Elections are about to happen in Jaffna but next to no election activity is apparent. The only posters are of Northern powerhouse Douglas Devananda. Jaffna’s institutions could use more work. Its social infrastructure needs looking at, and there is a lot to be said about freedoms of movement. The crux is that the people there still seem somewhat subjugated, they don’t feel trusted, and by extension still don’t feel like they truly belong in this country.

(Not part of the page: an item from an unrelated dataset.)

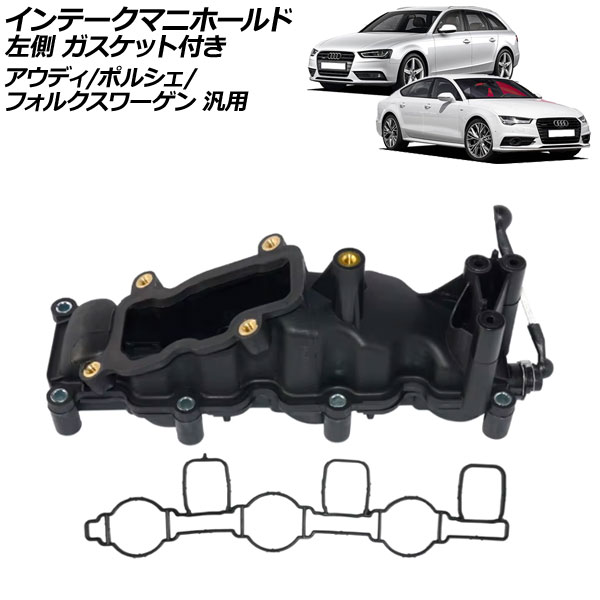 ơޥ˥ۡ ¦ åդ ǥ/ݥ륷/ե륯  A4  ȥ쥰 ʤ 1å(2) AP-4T2557-L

In conclusion, I think there is a lot of hope for Jaffna. Most of the issues are touch and go, and people do love to complain. But some problems, like paramilitaries and the abuse of freedoms and law and order are real. The peace dividend is definitely starting to turn the economic wheels in the North, but a lot of other factors are providing plenty of friction. This friction needs to be gradually removed.

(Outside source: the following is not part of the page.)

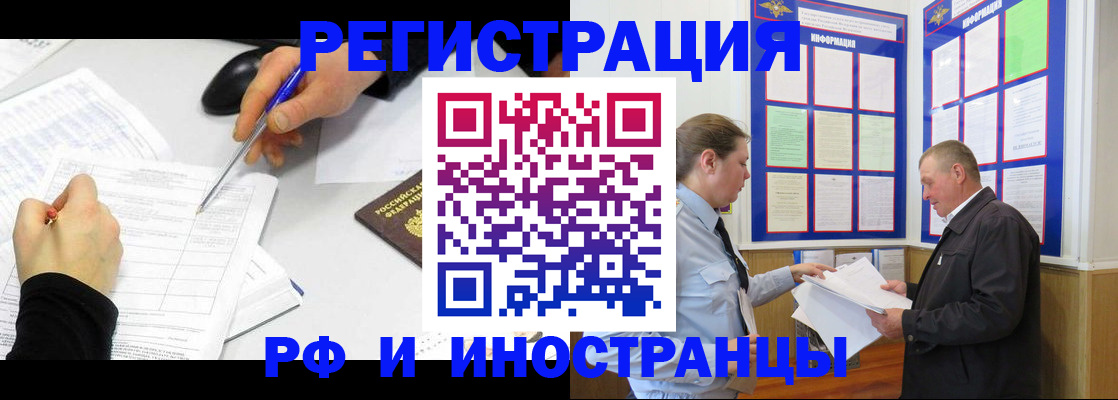 временная регистрация купить в Тынде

One response to “Jaffna in Limbo: A Muslim Journalist’s Visit”
If you went to new Orleans 2 years after the Katrina Hurricane struck Louisiana, you would have seen less development than in the North today, two years after a civil war. Even now, 25% of the Kartina “IDPS’ have NOT been settled!!!!
So, I am no lover of Rajapaksa, but Sri Lanka is going a great job, of course with the help or China/Japan or what ever.
I hear some of my compatriots (Tamils) claiming that the government is “developing the infra-structure” instead of “giving a political solution”. That is the view of the power-hungry Tamil politicians and the “educated” (i.e., previlaged) tamils. The first thing to do is full de-mining. You cannot transport supplies to build houses or villages with broken roads and culverts. You need power to run tools. So building the infrastructure IS TOP PRIORITY. Politics can come from the people when people are settled – not before. But the (upper caste) people own all the land, the poor Tamils (80%) will remain poor.
As for the writer’s concern about Tamil Kings, we have to admit that if you take the period from 5th century BC to 20th century, there may have been a 100-200 kings/queens; and of these, about 15% or less have been Pandyan, Malayalm, Magha, or Chola. The rest, even when they were Dravidian, ran their administrations in Singala and left stone inscriptions in singala. And that is even including the “Arya-chakravarthi-Sankilli period. in Jaffna. So, it is not surprising that 15% makes less of an impression than 85%. Keeramalai is a shrine for vakula (Nakula), a Pasupathi sect which was a fusion of Buddhism and Hinduism. The Kandyan kings were Telegu but the singala people did not care about that, as long as they worshiped the Buddha.